The visit to Theodor Wolff at Nice. Two days at a café by the sea on the Riviera with the man who was the Berliner Tageblatt. Wolff: "Ich schreibe nicht für die Emigrantenpresse, sondern nur Historisches. Kein Wort gegen Deutschland." Here is the great fault-line of the emigration laid bare in one sentence, and I argue the other side of it. Walter Jens's name for the thing — the "Jahrtausend-Katastrophe." War Deutschland mit Nazitum identisch? I did not write against the Nazis myself, because my father had gone to prison in 1933 (acquitted) and was still in Germany, his works taken from him because "wehrwichtige Betriebe" could not lie in Jewish hands. So I held my pen — and note that I add at once: "Daß es sich als wirkungslos erwies, steht auf einem andern Blatt." The futility is a separate page. I do not let myself off.
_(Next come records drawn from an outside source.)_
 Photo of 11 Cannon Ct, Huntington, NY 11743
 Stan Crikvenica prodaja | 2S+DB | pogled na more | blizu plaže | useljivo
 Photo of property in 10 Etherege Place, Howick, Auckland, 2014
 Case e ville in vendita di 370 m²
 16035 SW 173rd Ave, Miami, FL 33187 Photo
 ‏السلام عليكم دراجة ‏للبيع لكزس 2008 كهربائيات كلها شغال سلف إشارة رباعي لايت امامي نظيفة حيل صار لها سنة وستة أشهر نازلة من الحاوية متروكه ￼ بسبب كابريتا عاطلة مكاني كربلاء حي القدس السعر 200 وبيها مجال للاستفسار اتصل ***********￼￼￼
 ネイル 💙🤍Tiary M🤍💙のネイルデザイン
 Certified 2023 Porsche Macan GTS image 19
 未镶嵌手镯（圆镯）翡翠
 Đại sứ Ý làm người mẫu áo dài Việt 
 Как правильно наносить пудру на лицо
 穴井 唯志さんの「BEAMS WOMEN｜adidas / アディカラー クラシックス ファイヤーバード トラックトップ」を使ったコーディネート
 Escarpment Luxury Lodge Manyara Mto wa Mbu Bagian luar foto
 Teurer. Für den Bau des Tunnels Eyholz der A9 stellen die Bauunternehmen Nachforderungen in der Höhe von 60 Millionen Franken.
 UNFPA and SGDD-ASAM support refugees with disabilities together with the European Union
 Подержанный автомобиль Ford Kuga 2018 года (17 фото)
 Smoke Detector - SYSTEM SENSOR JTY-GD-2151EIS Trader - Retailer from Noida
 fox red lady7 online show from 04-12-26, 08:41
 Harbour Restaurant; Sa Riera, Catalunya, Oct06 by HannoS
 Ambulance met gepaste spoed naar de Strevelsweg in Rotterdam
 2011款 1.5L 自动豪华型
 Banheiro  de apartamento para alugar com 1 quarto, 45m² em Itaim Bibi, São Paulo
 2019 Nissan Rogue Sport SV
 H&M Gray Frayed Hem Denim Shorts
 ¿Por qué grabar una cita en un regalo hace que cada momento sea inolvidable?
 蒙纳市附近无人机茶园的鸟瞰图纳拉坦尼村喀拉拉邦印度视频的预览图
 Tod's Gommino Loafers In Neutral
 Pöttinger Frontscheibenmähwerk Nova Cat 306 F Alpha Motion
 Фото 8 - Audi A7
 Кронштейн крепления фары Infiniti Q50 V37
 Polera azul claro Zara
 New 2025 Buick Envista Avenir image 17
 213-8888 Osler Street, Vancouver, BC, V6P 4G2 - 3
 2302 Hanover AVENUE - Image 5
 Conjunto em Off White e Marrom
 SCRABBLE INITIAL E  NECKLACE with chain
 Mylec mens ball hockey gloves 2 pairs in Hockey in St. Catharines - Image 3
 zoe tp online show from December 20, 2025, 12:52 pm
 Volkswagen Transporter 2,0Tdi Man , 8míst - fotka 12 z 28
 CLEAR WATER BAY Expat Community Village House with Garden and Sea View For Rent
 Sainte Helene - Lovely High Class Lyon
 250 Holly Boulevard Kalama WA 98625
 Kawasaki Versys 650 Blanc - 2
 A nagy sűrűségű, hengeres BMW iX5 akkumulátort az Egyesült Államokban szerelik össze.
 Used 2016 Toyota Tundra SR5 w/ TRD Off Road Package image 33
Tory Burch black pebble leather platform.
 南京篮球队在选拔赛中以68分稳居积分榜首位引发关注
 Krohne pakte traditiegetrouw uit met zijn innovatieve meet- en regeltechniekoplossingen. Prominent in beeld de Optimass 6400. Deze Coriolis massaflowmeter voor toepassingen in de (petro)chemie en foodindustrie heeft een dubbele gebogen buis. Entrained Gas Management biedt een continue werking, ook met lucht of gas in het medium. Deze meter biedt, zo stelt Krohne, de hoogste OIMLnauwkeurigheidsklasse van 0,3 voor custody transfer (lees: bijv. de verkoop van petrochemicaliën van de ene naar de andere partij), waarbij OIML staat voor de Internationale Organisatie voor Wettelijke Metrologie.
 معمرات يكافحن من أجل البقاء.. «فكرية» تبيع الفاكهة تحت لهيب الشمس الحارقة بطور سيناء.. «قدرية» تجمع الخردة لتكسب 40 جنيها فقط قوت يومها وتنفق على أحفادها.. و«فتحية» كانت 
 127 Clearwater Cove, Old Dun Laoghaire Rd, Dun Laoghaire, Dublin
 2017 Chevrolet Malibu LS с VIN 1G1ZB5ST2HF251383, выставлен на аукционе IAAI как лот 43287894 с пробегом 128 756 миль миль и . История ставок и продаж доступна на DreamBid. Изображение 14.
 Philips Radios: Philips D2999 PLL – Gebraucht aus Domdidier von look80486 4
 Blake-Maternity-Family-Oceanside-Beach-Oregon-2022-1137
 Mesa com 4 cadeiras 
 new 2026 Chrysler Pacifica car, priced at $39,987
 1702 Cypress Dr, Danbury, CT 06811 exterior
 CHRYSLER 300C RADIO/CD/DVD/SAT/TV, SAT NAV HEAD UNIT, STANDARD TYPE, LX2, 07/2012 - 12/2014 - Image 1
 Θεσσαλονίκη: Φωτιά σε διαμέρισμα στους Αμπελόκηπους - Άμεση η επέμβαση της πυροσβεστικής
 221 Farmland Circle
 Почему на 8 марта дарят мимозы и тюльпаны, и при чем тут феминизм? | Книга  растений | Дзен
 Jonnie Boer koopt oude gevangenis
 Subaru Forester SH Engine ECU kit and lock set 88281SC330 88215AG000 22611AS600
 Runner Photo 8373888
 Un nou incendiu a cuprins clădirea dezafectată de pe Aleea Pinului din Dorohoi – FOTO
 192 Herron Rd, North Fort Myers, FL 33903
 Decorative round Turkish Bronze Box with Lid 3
The antisemitism as the through-theme of a life — "der wahnsinnige Komplex." I call it that and say it was, for wide circles, especially women, "das wesentliche Thema ihres Lebens." Then the small unbearable instances, which are my method — I prove the climate by its smallest grains, not its statutes: schoolmates' hair brushed wet because wavy hair was Jewish; the four Backfische of the reading-circle renaming themselves out of their Jewishness (Helene→Hella, Grete→Maja, I→Gabriele — and Heinz's delight at finding I was "Lieschen" in the family: "Natürlich ein Lieschen, Quatsch Gabriele"); the cousins' skit at Hella's 1915 wedding ("unser Lenchen, das von ihren Juden zu einer Hella gemacht worden war ... nun, da sie einen deutschen Offizier heiratet, werden wir ja unser Lenchen zurückbekommen") — at the wedding of a man going back into a decisive war they found no other theme than Jews; the Baroness in the clinic rejecting a blond baby laid on her bed — "das ist ein Judenkind. Nehmen Sie es sofort weg" — who yet entrusts her life to a Jewish doctor; and, dated 1977, the old man in a crowded Berlin restaurant: "In das Café kannst du nicht gehen, das ist völlig verjudet. Das war Deutschland." The flat closing verdict, set down without heat — my signature cadence.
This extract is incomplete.